I hit a pheasant in my Swift Royale and dented the luton just above the windscreen. Cost just under £3k to repair 7 years ago. A pheasant flew into the windscreen of my Arto A-class last year (honest I'm not a pheasant killer normally). Cost? Nil. It bounced off without a mark. I've had A-classes for 5 years now, no windscreen replacements necessary.


----------



## Hub (Sep 12, 2005)

Stone chip hit the screen on our Hymer B544 a couple of months ago. Two days later small chip turned into a big crack. Insurer Adrian Flux would only pay the first £500 so we had to stump up the remaining £700. If I remember correctly the windscreen was delivered within 5 working days and fitted immediately.
And we thought we were 'stung' at a cost of £1,200!!!
3 grand?? 8O 8O 8O 
Can't understand it if as has been pointed out here that the Laika screen is the same as Hymer?
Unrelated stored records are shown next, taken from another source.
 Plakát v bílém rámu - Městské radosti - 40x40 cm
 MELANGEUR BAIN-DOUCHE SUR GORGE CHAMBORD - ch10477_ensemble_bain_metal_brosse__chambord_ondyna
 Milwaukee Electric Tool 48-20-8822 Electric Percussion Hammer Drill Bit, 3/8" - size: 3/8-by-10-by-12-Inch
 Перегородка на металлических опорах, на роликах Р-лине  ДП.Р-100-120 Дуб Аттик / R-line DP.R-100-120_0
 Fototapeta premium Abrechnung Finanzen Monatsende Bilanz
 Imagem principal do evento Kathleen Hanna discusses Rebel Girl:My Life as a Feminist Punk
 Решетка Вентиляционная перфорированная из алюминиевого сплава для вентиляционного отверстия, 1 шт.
We're with Safeguard now.........


----------



## Hymie (May 9, 2005)

*Windscreen*

Hi Laikadriver,

Yes the hymer screen has the pilkington logo/name on it.
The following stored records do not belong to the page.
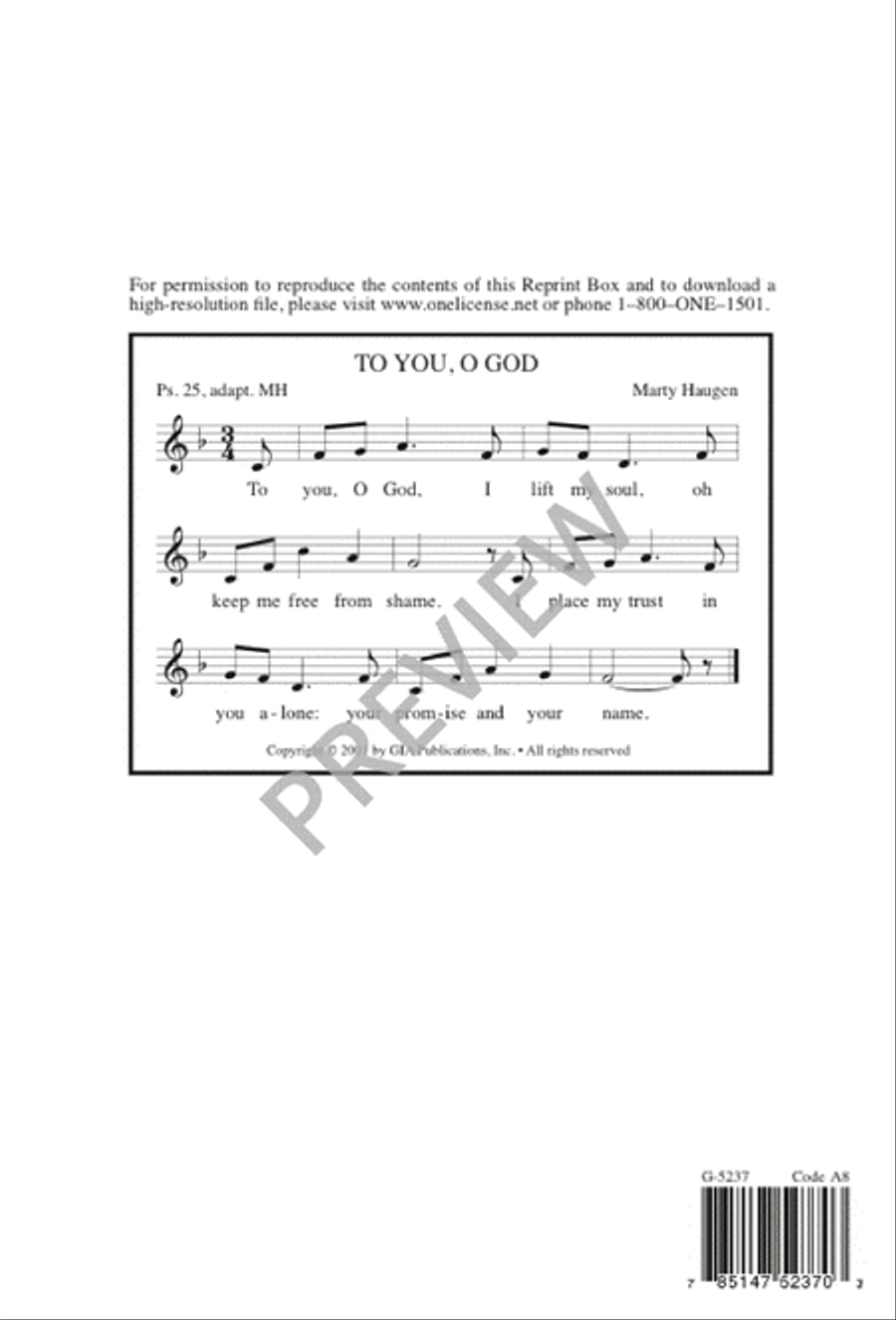 To You, O God 4-Part scores gallery preview page 8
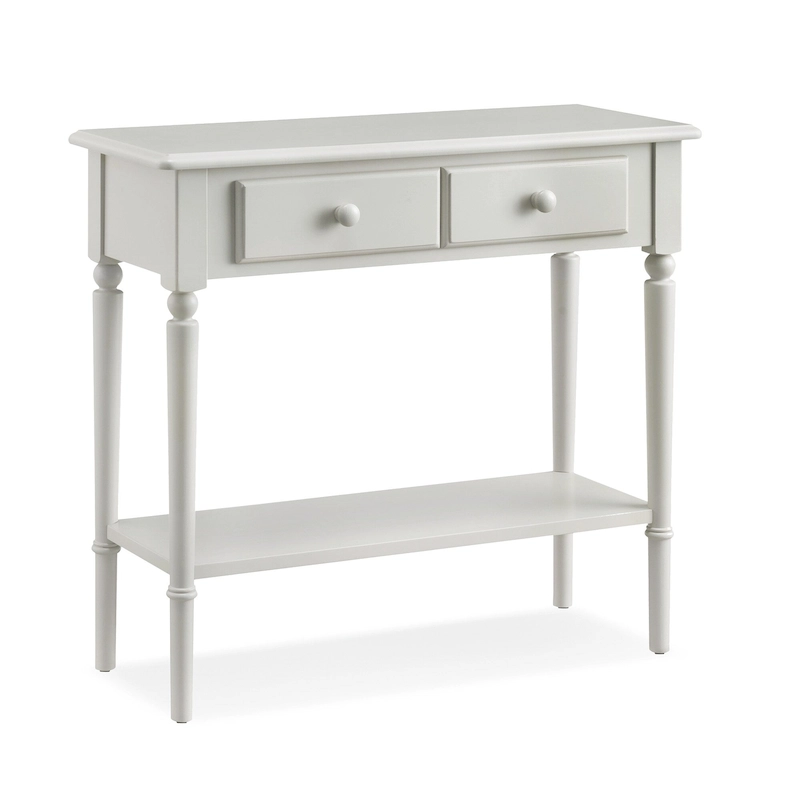 Leick Home Coastal One Drawer Narrow Hall Console Sofa Table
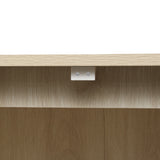 Rattan 4-Door Sideboard , Sideboard Buffet Storage Cabinet,Accent Storage Cabinet , Large Cabinet With 4 Rattan Decorated Doors - V.I.P Digital Presence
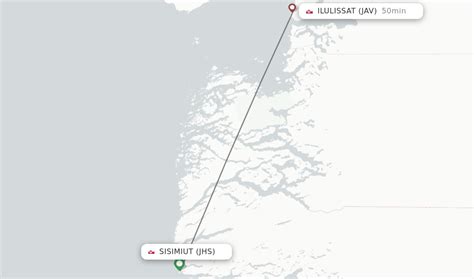 Direct Non Stop Flights From Sisimiut To Ilulissat Schedules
As one of the previous posters said, Laika would not be able to make the windscreen themselves - the machinery they would need to invest in for curved laminated screens would be prohibitive for the number of vehicles they produce.

cheers


----------



## Tmax (Aug 5, 2006)

*How much is a windscreen ?*

I too have a potential windscreen problem. I have a Hymer B655 and there is a crack at the bottom behind the wipers about 5ins long. I live in France and have not yet priced a replacement but as I am coming back to the UK in October I rang Hymer UK at Preston and was quoted £1750 + vat excluding fitting. The Screen is made by Pilkingtons as are most windscreens. In my previous life I was the MD of a transoprt company and most truck windscreens including Renault Magnums ( Just about the largest truck screen ) are only a few hundred pounds. I am sure this is just another example of gross inflation of prices for anything related to the leisure industry.


----------



## cabby (May 14, 2005)

Hey Brock, it wasn't a Royal 635 was it.
sorry for going off the thread there. we have heard of these tales of woe about windscreens some time ago, some models that i am not allowed to mention, ( the model is no longer made) also flex and let in water. besides cracking.this decided us to stay with coachbuilt.but these days thought all was now fixed.interesting thought, is this why Autotrail called back some of their new A class.just a whisper that i overheard from a trader.


----------



## Laikadriver (May 1, 2005)

Just an update folks!!

Well, I finally have had the new windscreen fitted at RAC autowindscreens in Inverness, total cost for the job, £2,750!! I also had to buy a new (left hand side) windscreen cover at £70, this I fitted myself.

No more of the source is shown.